The Academy of Motion Picture Arts and Sciences disqualified "Joy" as Austria's entry for best international feature film on the grounds that only 30 per cent of the dialogue is in German and Nigerian languages other than English, said Werner Mueller, the head of the Film And Music Austria (FAMA) industry group.
According to Academy rules, foreign entries have to be predominantly in a non-English language.
Mueller told dpa that the documentary-style "Joy" simply records how these Nigerian women talk to each other in Austria, Mueller said. "They don't talk like on a Vienna theatre stage."
"I am extremely astonished and shocked," director Mortezai told dpa.

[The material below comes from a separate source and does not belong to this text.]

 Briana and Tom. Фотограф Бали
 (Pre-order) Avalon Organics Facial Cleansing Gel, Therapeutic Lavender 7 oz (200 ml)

She argued that more than half of the dialogue is actually in Nigerian Pidgin English, which is so distinct from standard English that US audiences would not understand it.
Test screenings for non-Nigerian native English speakers showed that large parts of the film needed English subtitles, Mortezai said.
Some linguists view Nigerian Pidgin English as a distinct language from English, while others see a continuum between the two tongues.
"Joy" has received several prizes, including at the Venice Film Festival.
In Nigeria, "Lionheart" director Genevieve Nnaji has pushed back against the Academy's rejection of her film.
"This movie represents the way we speak as Nigerians. This includes English which acts as a bridge between the 500+ languages spoken in our country," Nnaji tweeted last week.
Mortezai said that films without major distribution in the US have little chance to compete for an Oscar except in the international category.
However, she cautioned that softening the Academy's language rule and opening up this category to all non-US films might result in many foreign film entries from English-speaking countries like Australia.
"This would put real non-English films at a competitive disadvantage," she said.